• _The task_: Give back, exactly and with nothing else, the lines running from the one that contains "Pila energizer alcalina" to the end of the entries below; do not include pictures.

START Data excerpts

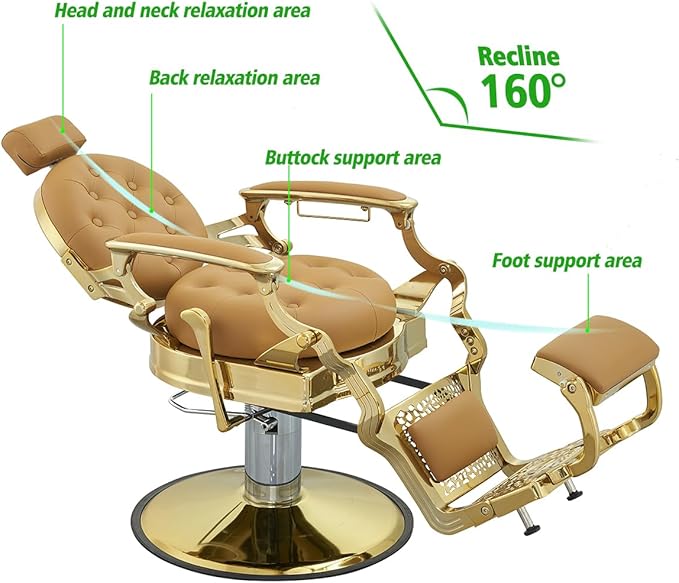 Antlu Barber Chair Hair Stylist, Vintage Salon Heavy Duty 700lbs Chair Hair Styling Chairs for Barbershop Beauty Tattoo Massage (Golden-Camel)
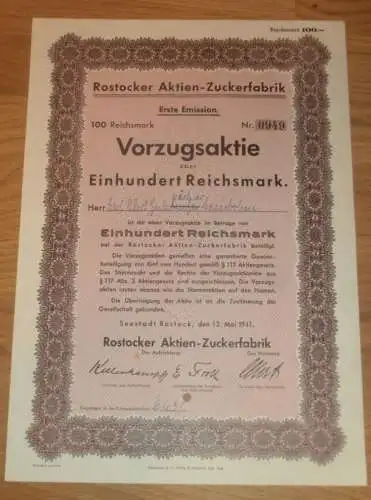Aktie der Zuckerfabrik Rostock 1941 , Gutspächter Carl Ohrt in Kassebohm , 100 RM , Mecklenburg !!!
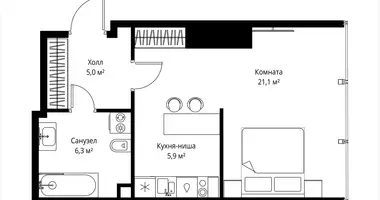 Apartamento 1 habitación en Moscú, Rusia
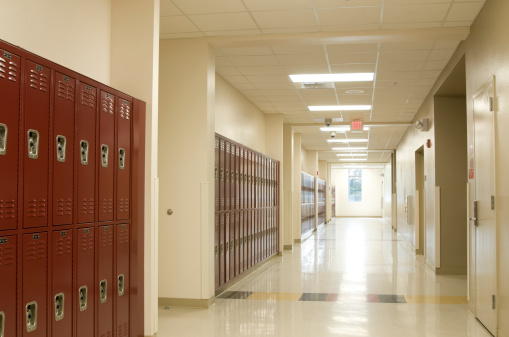 Hallway at High School with Lockers.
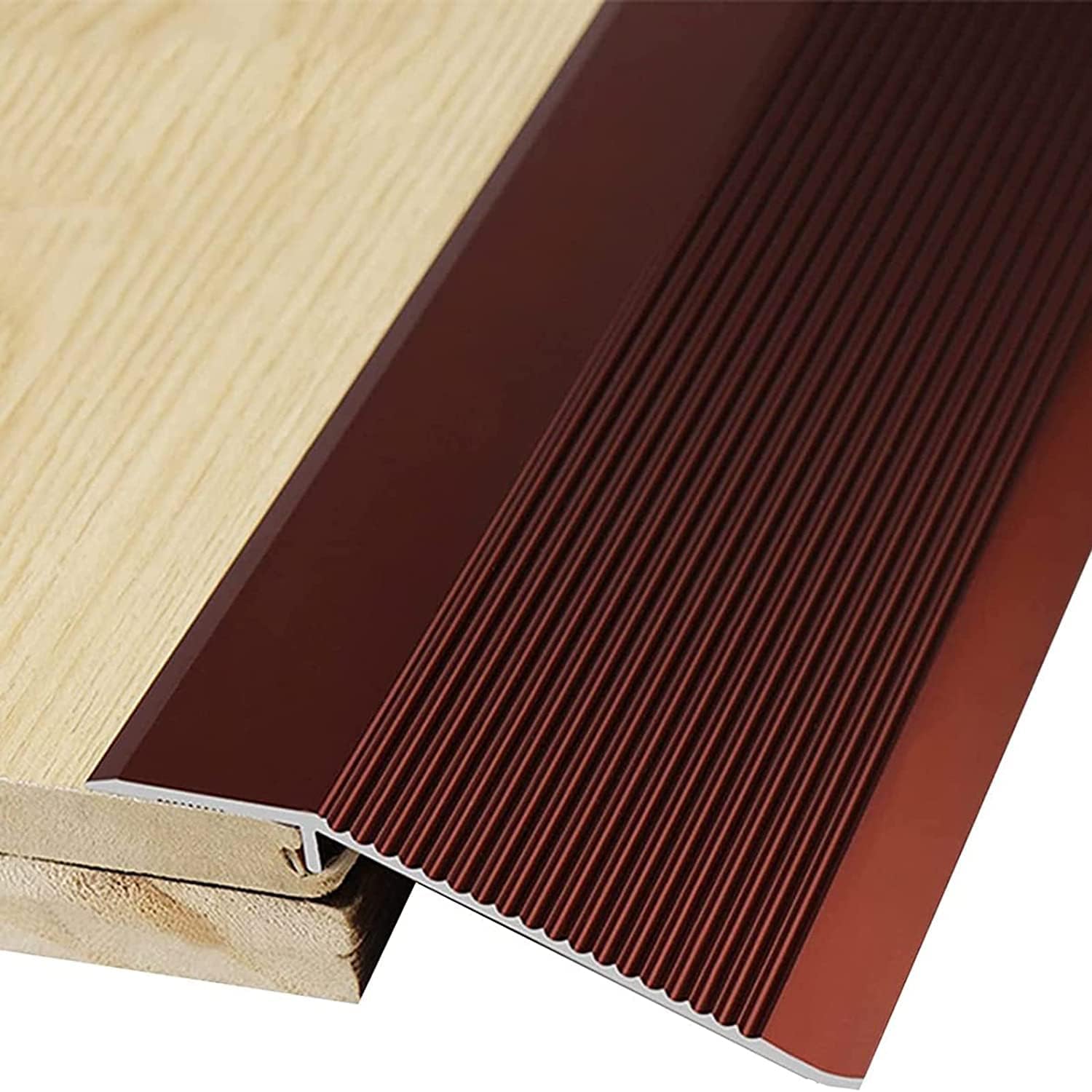 Doorway Uneven Floor Transition Strip, 4 Inch Wide Transition Strip 90 110 130 150 cm Long, Metal Thresholds Reducer/Non-Slip Edging Trim Strips, for Doorways Laundry Room Entry (Color : Red, Size :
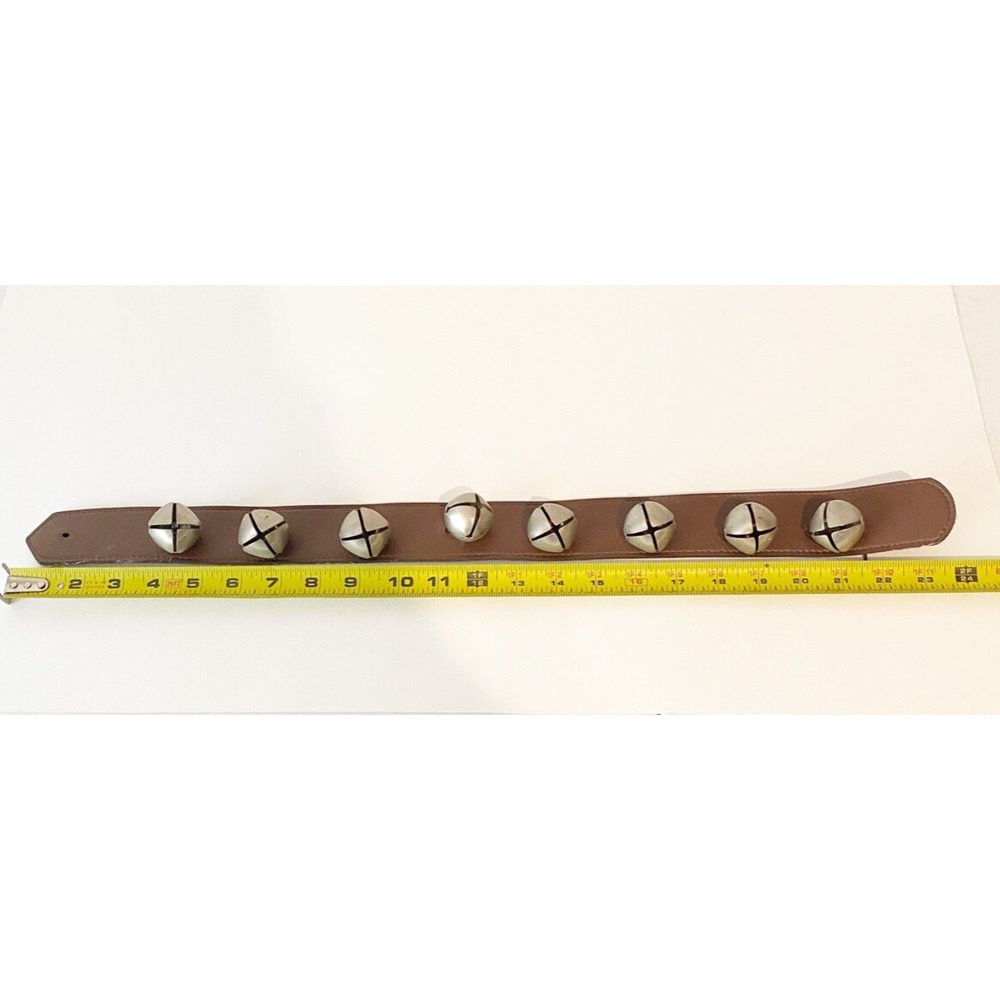Vintage Sleigh Bells Leather Strap 8 Bells Christmas Holiday Decor Door 24" - Picture 6 of 6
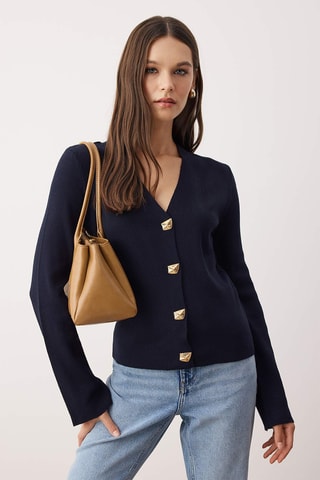 Casaco de malha - Azul-marinho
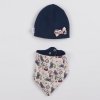 NEW BABY Dojčenská čiapočka s šatkou na krk Missy modrá Bavlna/Elastan 80 (9-12m)
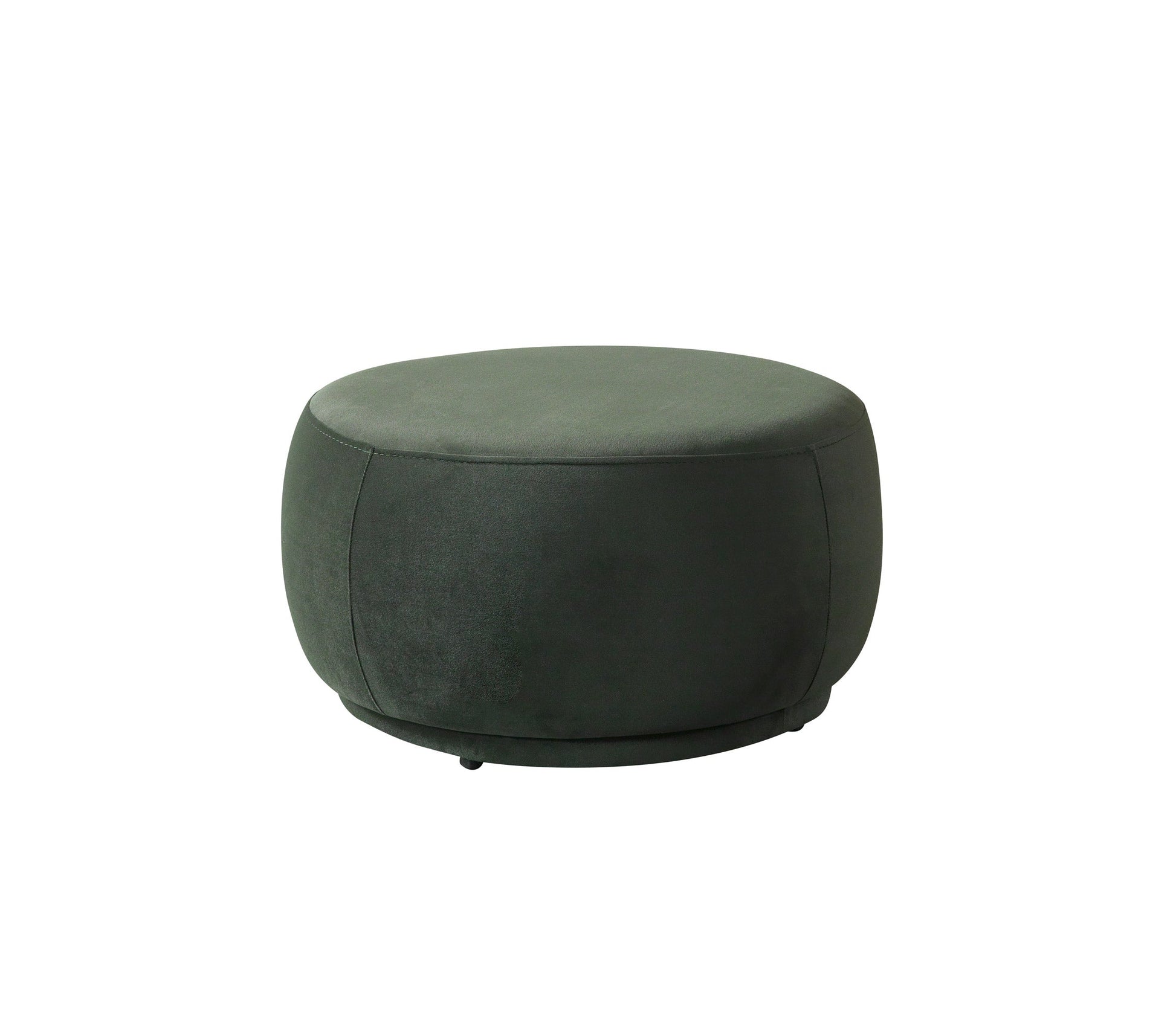 Cloe Green Velvet Round Ottoman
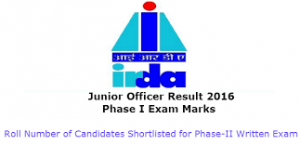 IRDAI Junior Officer Phase I Results 2016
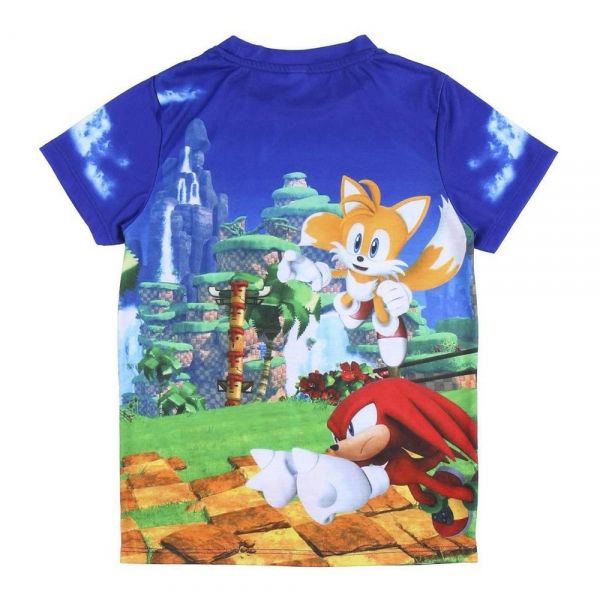 Camiseta niño infantil de Manga Corta Infantil Sonic Azul 12 Años - Marca Cerdá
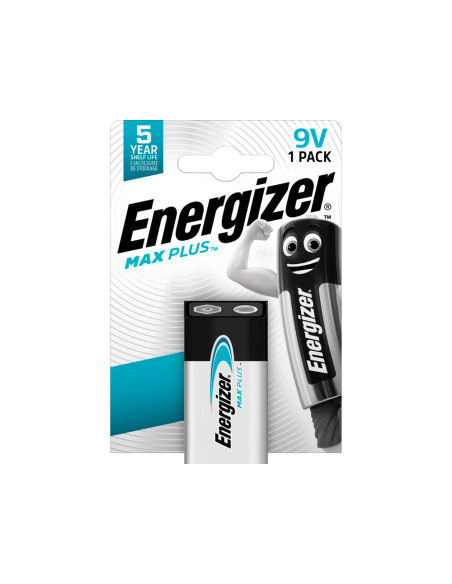 Pila energizer alcalina max plus 9v blister de 1 unidad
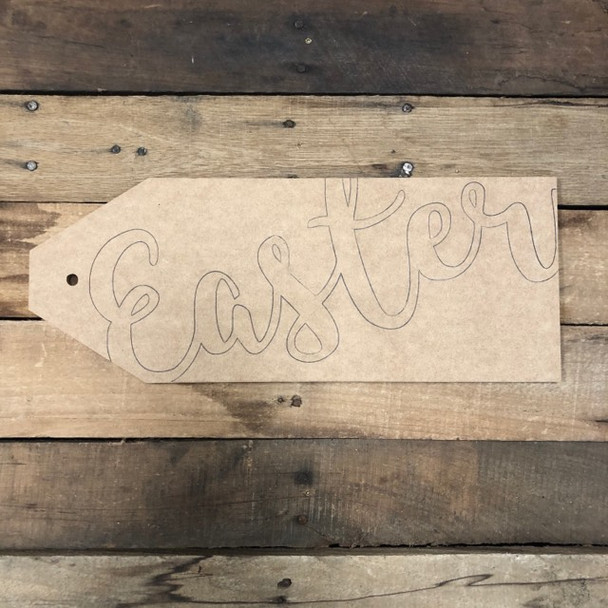 Wooden Easter Door Tag Cutout, Unfinished Wall Decor Paint by Line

END Data excerpts

• _The completed task_:
 Pila energizer alcalina max plus 9v blister de 1 unidad
 Wooden Easter Door Tag Cutout, Unfinished Wall Decor Paint by Line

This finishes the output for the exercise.